What happens to iERA T-Shirts in my hands
- Posted by Maryam Namazie
- On May 31, 2014
- 16 Comments
- CEMB, IERA, Islamism, Jaman, terrorism
The iERA has sent the Council of Ex-Muslims of Britain (CEMB) two T-shirts. You know, the yellow ones which their dawah teams wear on the streets of Britain to hate-preach misogyny and death to apostates, gays, Jews, unveiled women, Muslims who don’t agree with them….
They have sent the T-shirts to prove that anyone can wear them. This is in response to the CEMB’s recent report on the group called Evangelising Hate where we show Ifthekar Jaman in one of their T-shirts doing Dawah.
IIn case you don’t know, Jaman is from Portsmouth and was killed in Syria whilst fighting for a Jihadi group called the Islamic State of Iraq and al-Sham (ISIS), which has engaged in brutal terrorist violence. It seeks to set up an Islamic caliphate in territory that it controls, and its members have engaged in beheadings, amputations and public executions. Shias and Christians have been persecuted by them.
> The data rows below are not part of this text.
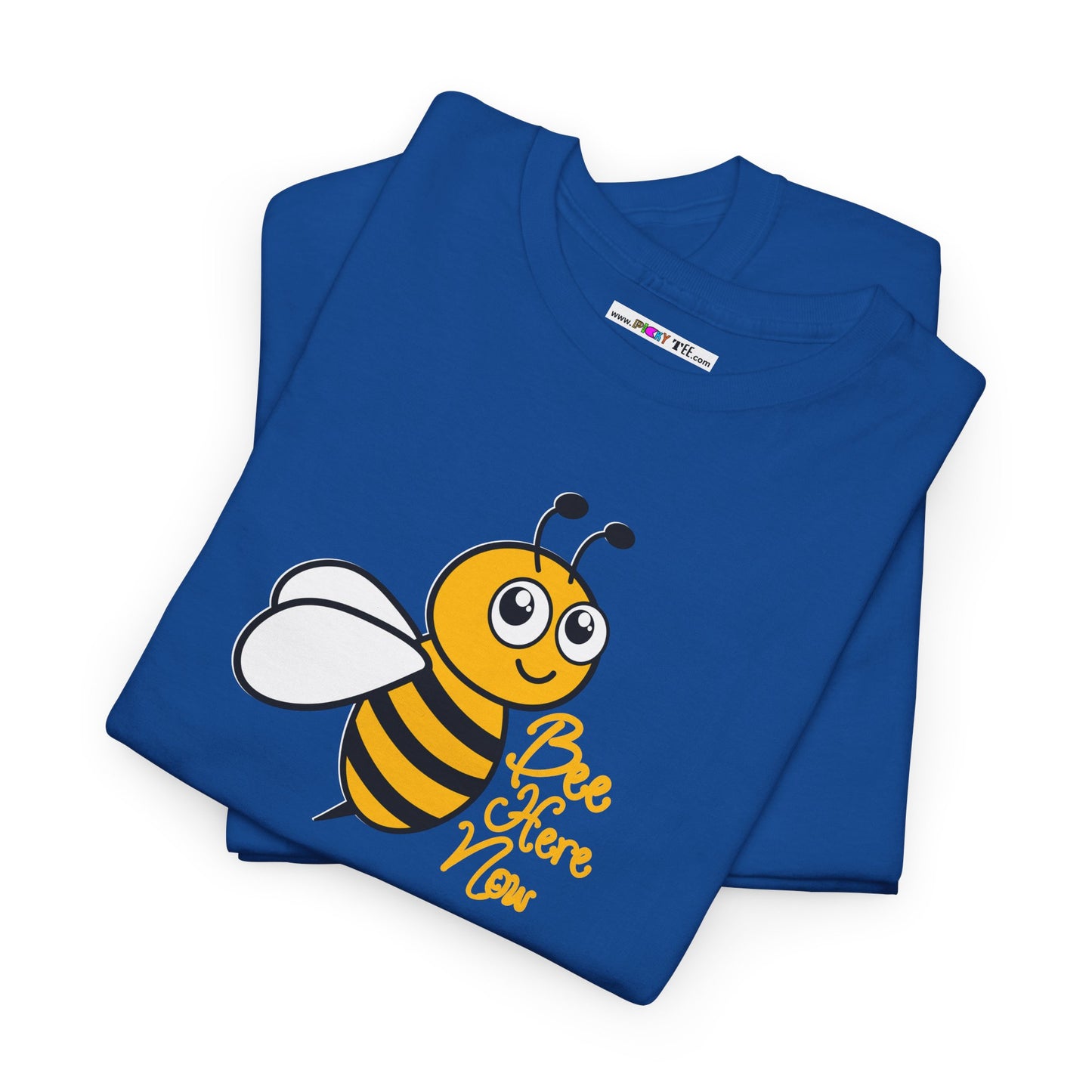 Bee Here Now Unisex Heavy Cotton Tee
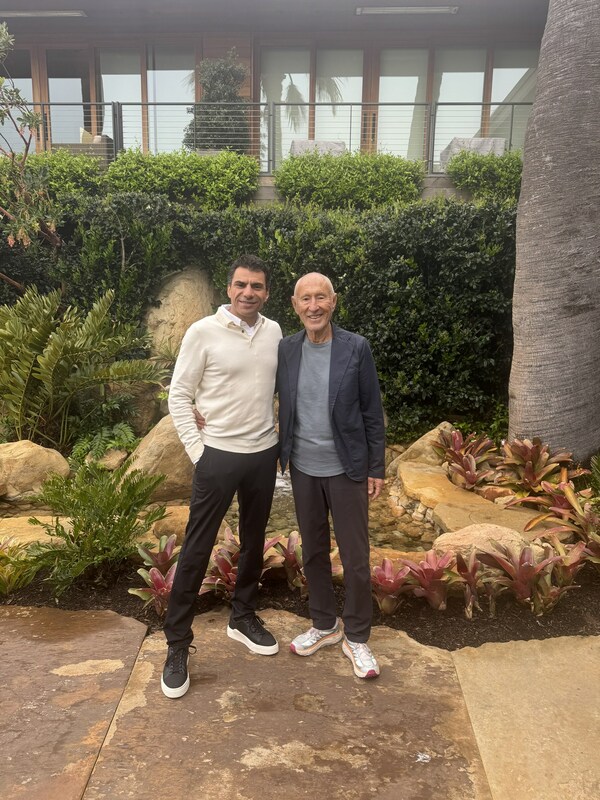 Ayman Amer, General Manager for Sodic and Meir Teper, Nobu Hospitality Co-Founder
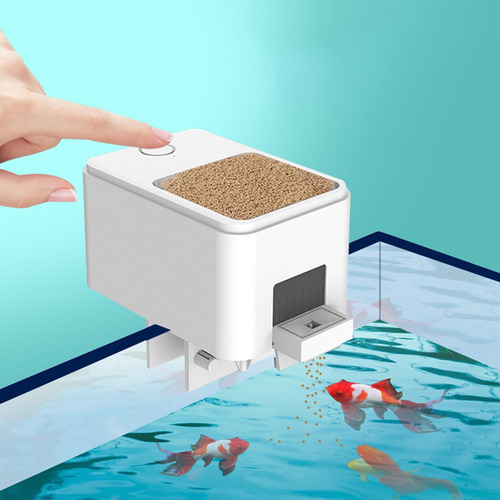 Dispensador Automático De Comederos De Pescado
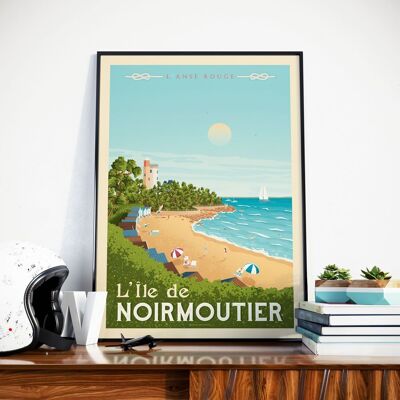 Poster di viaggio in Francia di Noirmoutier - 21x29,7 cm [A4]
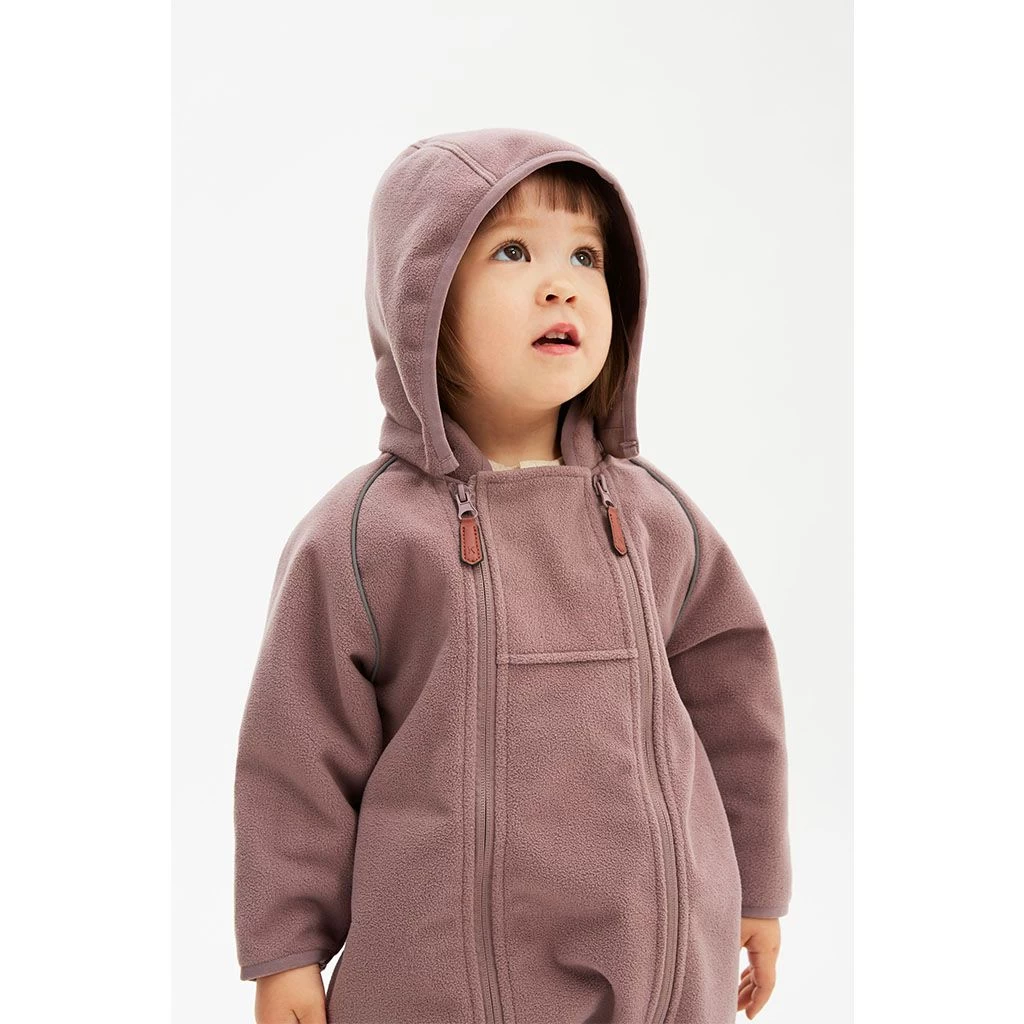 Livigno Recycled Wind Fleece Coverall Lilac 4 Livigno Recycled Wind Fleece Coverall Lilac - Image 4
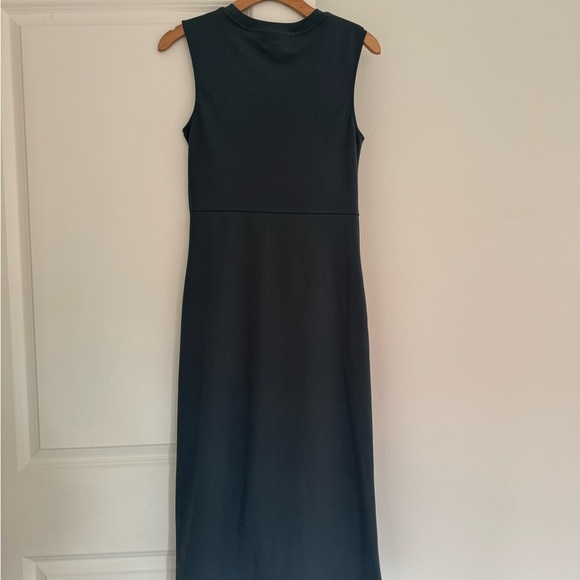 Nordstrom Rack brand women’s gray blue twist front midi sleeveless dress SMALL - Picture 6 of 6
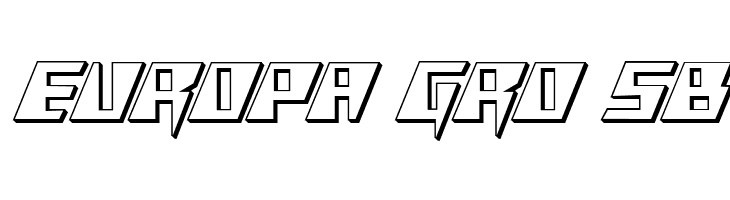 X-Racer 3D Regular  Free Fonts Download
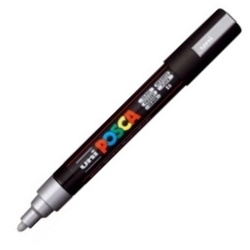 Marcador uni posca pc3m color plata 0,9-1.3mm
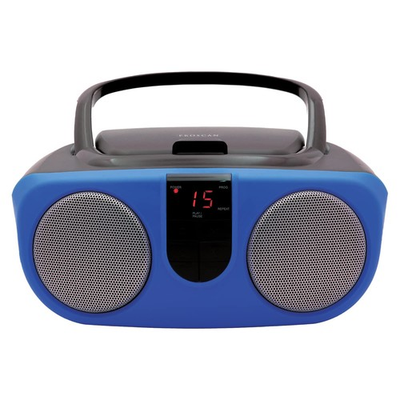 #ad Proscan PRCD243M BLUE 2.4 Watt RMS Portable CD Boom Box with AM FM Radio Blue $40.26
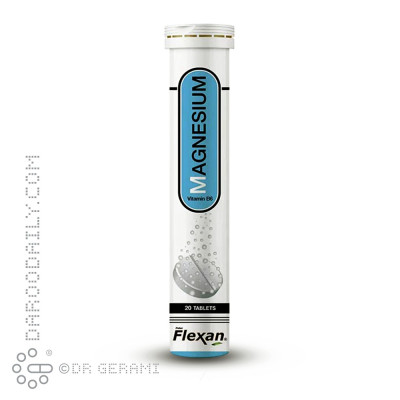 قرص جوشان منیزیم و B6 فلکسان فیشر 20 عددی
ISIS executed a secular Syrian activist for “apostasy”.
Nine months before being killed in Syria, Jaman was participating in an iERA dawah event in Portsmouth city centre.
In a picture posted on his Twitter account on 14 April, Jaman is standing in a group of men, wearing a yellow iERA T-shirt with the slogan ‘Is Life Just a Game?’ He comments under the picture “Us Portsmouth Dawah group & brothers from Newham dawah joined today. Alhamdullilah for shahadahs! Allahu Akbar”.
In their pathetic response to our report, iERA tried to deceptively dissociate themselves from Jaman by saying that anyone could wear their T-shirts, including me.
But sending the T-Shirts to CEMB has once again proven them wrong and confirmed my position that only Islamists, terrorists, and their apologists would wear their T-Shirts. When I get my hands on them, something else happens. Here’s some before and after photos:
iERA T-Shirt before I get my hands on them
iERA T-Shirt after I get my hands on them:
I will leave the intentions of a group preaching the death of apostates (by beheading no less as it is “painless”) sending unmarked post to those it wishes dead to the readers of this post. Needless to say, as I have written earlier, the iERA’s charity status is the least of our worries.
Revoking its charitable status should be a first step in further investigation of this organisation and its links to terrorism.